* Your instructions
Of the records that follow, copy only the lines from the line containing "1G6DA5RK9R0127569 2024 CADILLAC" to the line containing "인스타그램 고정게시물 오류 - 자유게시판", both included, exactly as written.

* Source material

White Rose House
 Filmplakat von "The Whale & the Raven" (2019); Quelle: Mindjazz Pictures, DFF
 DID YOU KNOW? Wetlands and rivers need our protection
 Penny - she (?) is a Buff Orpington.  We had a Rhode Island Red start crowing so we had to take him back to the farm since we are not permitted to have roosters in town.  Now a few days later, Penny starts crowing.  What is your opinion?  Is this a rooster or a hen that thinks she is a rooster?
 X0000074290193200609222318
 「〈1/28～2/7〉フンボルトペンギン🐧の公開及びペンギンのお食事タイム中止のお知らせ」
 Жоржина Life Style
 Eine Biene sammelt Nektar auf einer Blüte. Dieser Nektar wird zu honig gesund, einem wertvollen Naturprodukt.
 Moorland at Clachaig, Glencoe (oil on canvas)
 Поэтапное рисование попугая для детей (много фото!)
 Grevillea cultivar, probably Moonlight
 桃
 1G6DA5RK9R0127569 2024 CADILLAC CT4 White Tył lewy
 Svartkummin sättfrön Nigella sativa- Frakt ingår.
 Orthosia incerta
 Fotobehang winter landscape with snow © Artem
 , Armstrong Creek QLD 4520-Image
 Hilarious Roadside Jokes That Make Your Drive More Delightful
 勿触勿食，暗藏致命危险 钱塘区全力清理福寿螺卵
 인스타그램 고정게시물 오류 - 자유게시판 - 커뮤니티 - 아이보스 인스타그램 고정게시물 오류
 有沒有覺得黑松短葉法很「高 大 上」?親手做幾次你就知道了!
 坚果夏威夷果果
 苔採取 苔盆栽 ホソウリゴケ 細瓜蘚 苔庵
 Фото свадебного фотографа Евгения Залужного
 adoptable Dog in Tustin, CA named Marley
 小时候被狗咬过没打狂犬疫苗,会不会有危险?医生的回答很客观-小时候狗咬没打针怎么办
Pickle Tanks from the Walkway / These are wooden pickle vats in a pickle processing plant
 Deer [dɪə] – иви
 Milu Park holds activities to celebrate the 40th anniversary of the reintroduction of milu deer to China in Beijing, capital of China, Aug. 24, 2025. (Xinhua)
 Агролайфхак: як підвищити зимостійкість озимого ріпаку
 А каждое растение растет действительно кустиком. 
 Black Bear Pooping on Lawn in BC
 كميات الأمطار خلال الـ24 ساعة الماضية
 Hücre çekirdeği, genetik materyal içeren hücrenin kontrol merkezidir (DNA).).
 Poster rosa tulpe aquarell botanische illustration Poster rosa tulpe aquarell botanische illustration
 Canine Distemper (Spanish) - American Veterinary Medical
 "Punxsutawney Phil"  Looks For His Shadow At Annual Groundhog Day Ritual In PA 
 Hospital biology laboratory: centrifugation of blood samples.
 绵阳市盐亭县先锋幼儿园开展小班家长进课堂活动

* Answer section
 1G6DA5RK9R0127569 2024 CADILLAC CT4 White Tył lewy
 Svartkummin sättfrön Nigella sativa- Frakt ingår.
 Orthosia incerta
 Fotobehang winter landscape with snow © Artem
 , Armstrong Creek QLD 4520-Image
 Hilarious Roadside Jokes That Make Your Drive More Delightful
 勿触勿食，暗藏致命危险 钱塘区全力清理福寿螺卵
 인스타그램 고정게시물 오류 - 자유게시판 - 커뮤니티 - 아이보스 인스타그램 고정게시물 오류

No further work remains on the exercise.